Well, I suspect most of us have some reason to be grateful to our parents, if not for the "wouldn't be here" factor, that at least for the caregiving.
Another related conundrum is...is it reasonable to think "oh, if only I had been born to different parents"...I mean, could it still be YOU in a meaningful way? If you don't believe in a traditional non-material soul it can be a tough question...one I've answered by thinking that my sense of self is largely an illusion, or at least my "self" is not the shorthand I use for it.
--Kirk Wed, 04 May 2005 22:56:57 -0400
Yeah, after writing the entry, I thought up of your first paragraph. I think the caregiving side does deserve a good deal of gratefulness.
You also bring up a good philosophical conundrum, Kirk. I guess along with that one comes the fact that if someone doesn't like themselves, maybe they would have rather had different questions.
I guess there comes the part about the person who, in many ways, has had to do a lot of self learning to like themselves. I guess for this one might come to the point of figuring out is what makes YOU in a meaningful way, in the first place?
Thinking about the non-material soul and that kind of thing strikes huge amounts of existential fear into me, honestly. I'm very curious, but I'm also very fearful of whether some kind of conscious reality exists to us outside of this ephemeral life of ours or not.
At the same time, though, I don't necessarily feel the need to fall back on a religion or system that will tell me what happens outside of this reality.
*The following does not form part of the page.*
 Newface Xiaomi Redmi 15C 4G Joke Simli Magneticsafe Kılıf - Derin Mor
I guess, in many ways, I still have something of an empirical philosophy when it comes to things not of this material reality.
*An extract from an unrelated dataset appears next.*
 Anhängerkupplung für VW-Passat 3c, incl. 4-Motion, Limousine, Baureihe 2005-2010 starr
Examining deeper into my thought process, I begin to see something that feels like a contradiction, but I'm not sure if it is one. . .. I guess part of it comes from a certain realization that this is the way things are, and I don't have the power, at least now, not make a difference so I might as well act as moral as possible and try to make things a bit more ideal while not unreasonably forcing some kind of world view onto other people unless the other people try to force an unreasonable world view onto me.
I'm probably screwed if God doesn't want homosexuals to marry and doesn't like birth control or abstinence and wants us to multiply without end and use up all the resources as fast as possible and destroy the planet that God created. I'll probably find out sooner or later, though.
Nonetheless, it's a lot more comforting to think of bad things happening to people, especially good people, not as God inflicting wrath upon them. Otherwise, I'm not sure if God and I would get along, and I don't think I want to pick a fight with God.